_PROMPT:_
As the answer, give exactly the lines of the records below from the one with "Muscle guarding and pain cycle" through the one with "Ember Bloom", ends included and pictures left out.

Data items
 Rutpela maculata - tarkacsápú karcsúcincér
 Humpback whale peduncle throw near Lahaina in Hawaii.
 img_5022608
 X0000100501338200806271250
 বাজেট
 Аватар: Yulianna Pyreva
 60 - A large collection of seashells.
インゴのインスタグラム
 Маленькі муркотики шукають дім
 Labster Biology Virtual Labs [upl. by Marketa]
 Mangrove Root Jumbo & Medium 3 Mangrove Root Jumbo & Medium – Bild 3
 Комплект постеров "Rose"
--
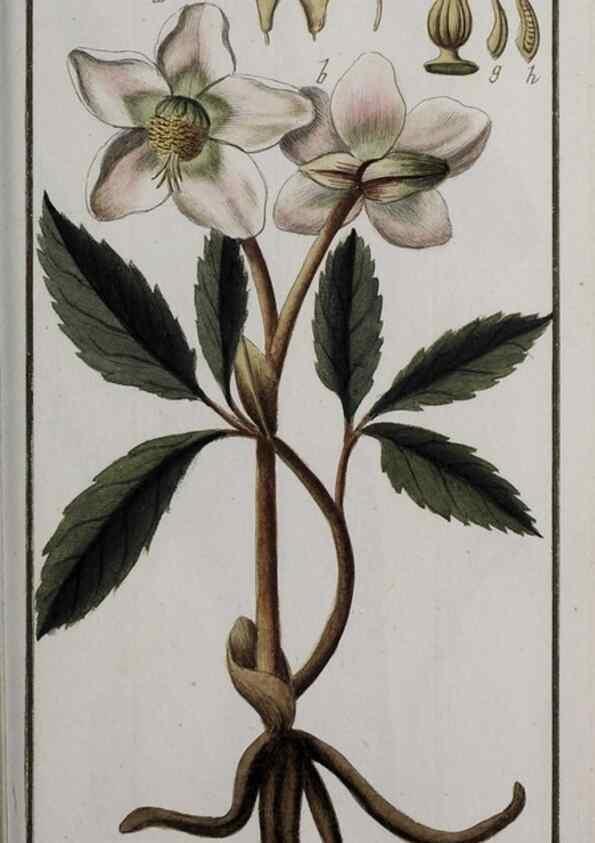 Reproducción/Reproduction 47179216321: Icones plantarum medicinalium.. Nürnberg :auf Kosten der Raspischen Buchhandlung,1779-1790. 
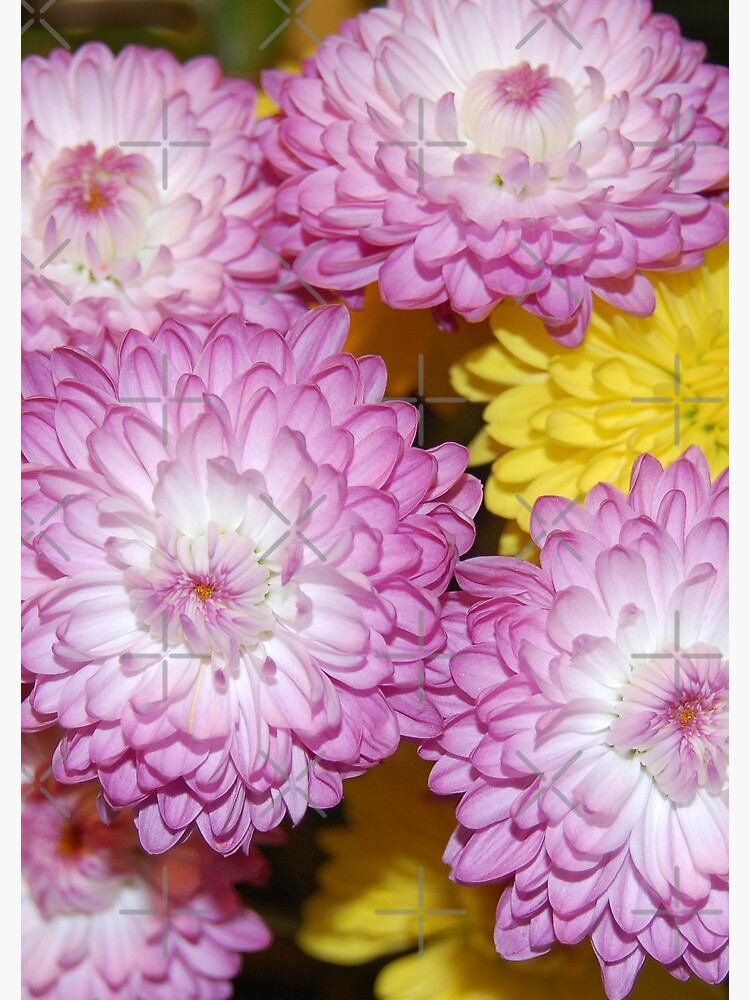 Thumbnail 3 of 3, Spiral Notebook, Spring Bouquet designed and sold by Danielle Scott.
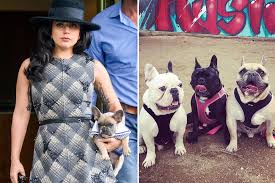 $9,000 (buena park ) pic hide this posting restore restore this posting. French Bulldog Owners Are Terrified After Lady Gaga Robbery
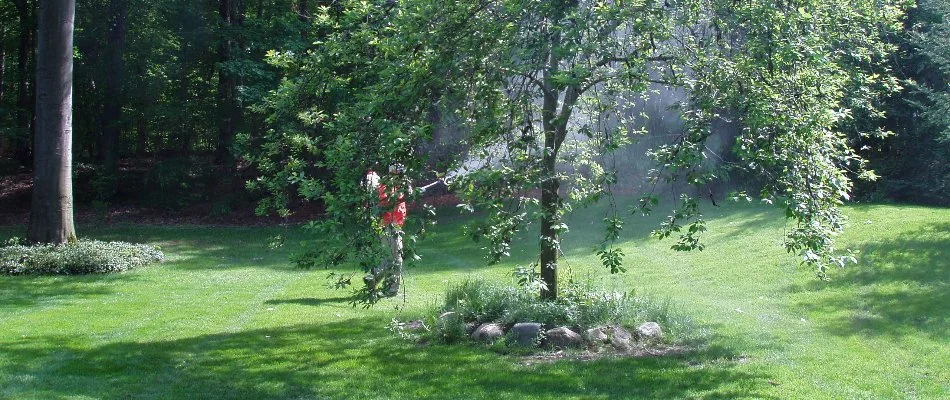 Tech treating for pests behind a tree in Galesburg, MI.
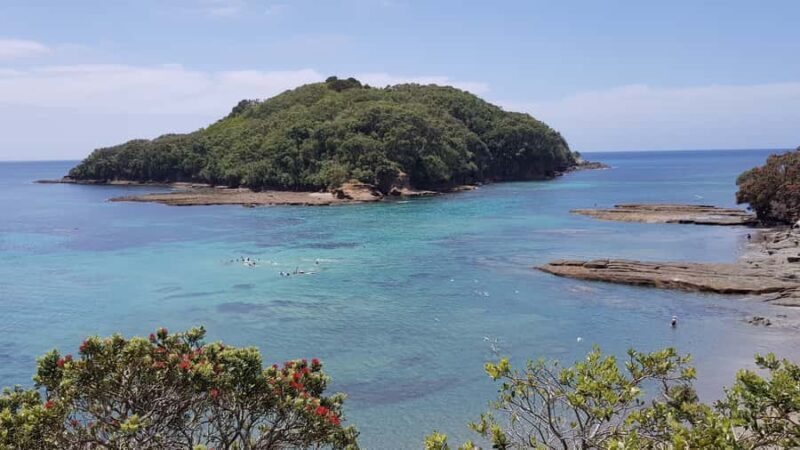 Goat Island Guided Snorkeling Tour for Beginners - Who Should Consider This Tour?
---
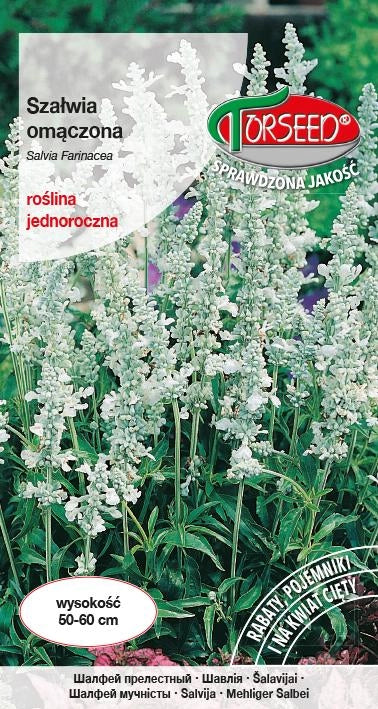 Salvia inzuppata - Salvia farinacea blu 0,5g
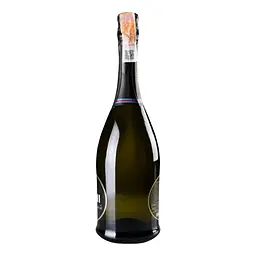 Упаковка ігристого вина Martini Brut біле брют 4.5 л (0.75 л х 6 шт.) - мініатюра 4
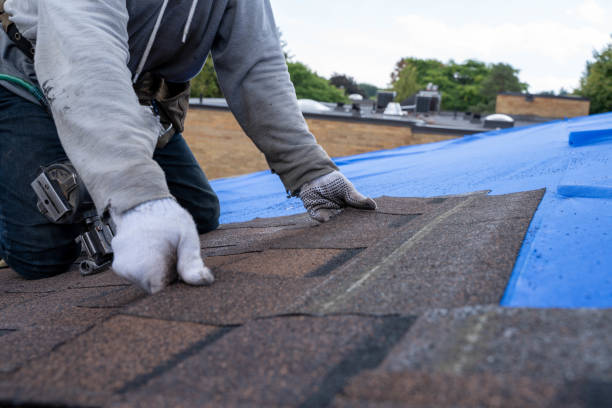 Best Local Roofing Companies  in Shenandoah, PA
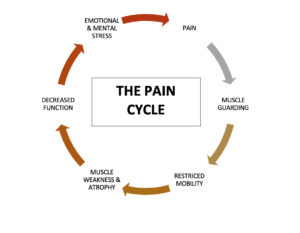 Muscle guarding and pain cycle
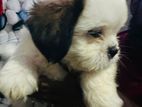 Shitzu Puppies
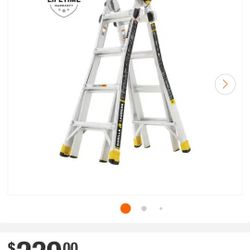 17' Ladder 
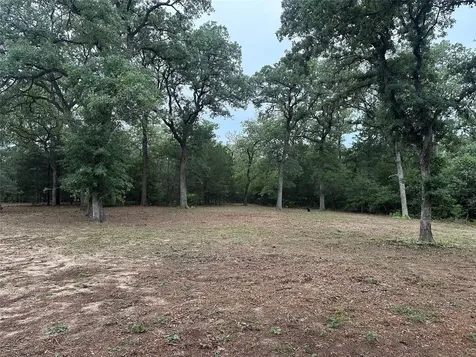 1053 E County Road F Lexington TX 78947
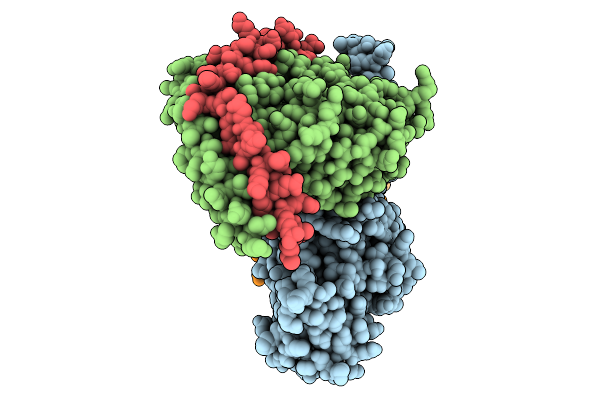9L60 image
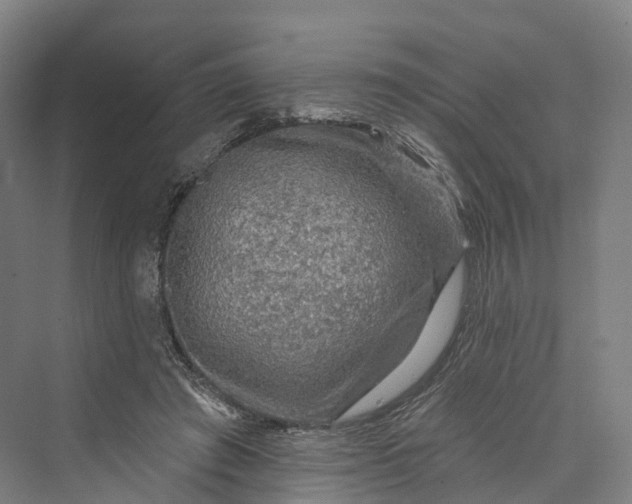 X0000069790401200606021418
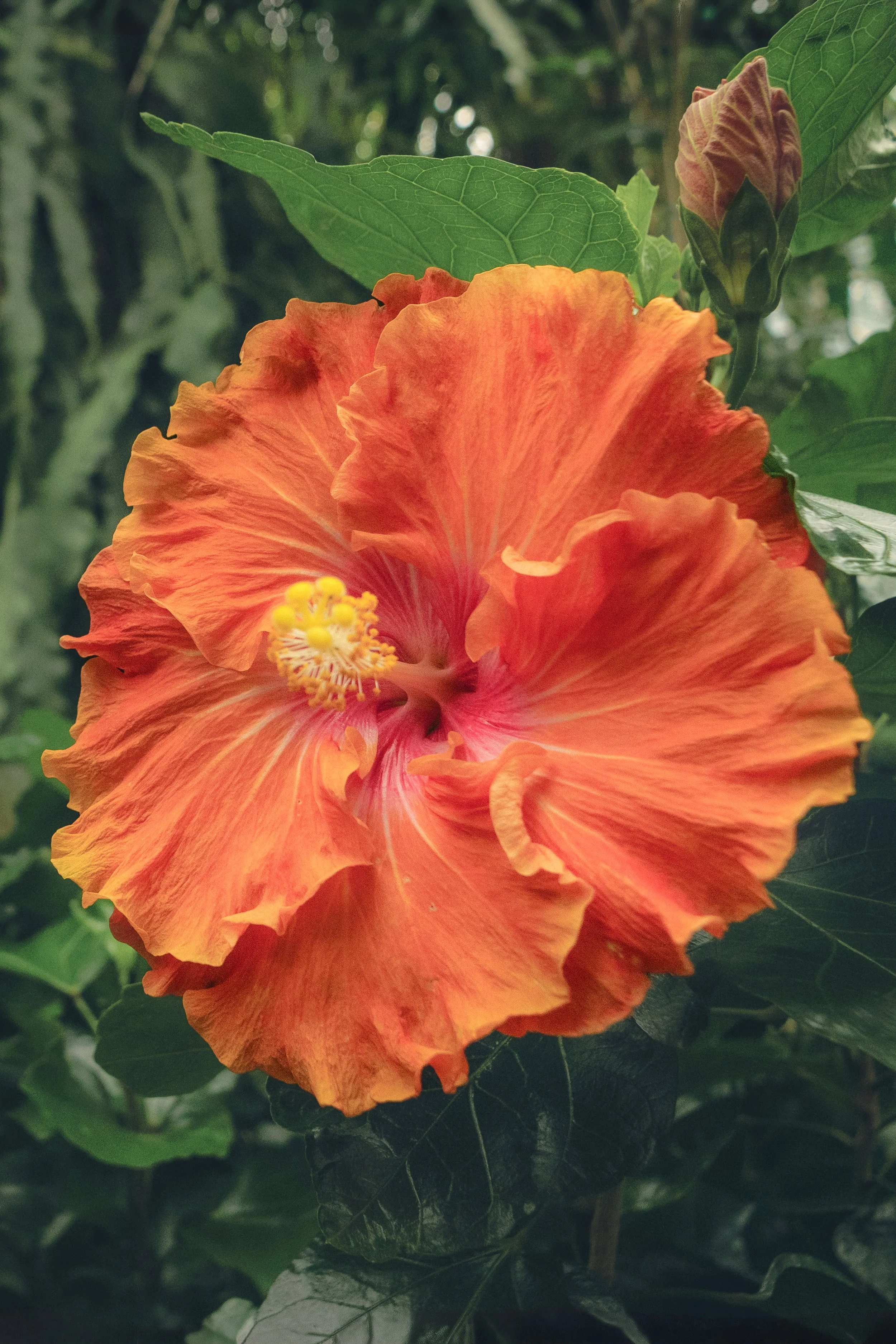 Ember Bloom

_EXPECTED OUTPUT:_
 Muscle guarding and pain cycle
 Shitzu Puppies
 17' Ladder 
 1053 E County Road F Lexington TX 78947
9L60 image
 X0000069790401200606021418
 Ember Bloom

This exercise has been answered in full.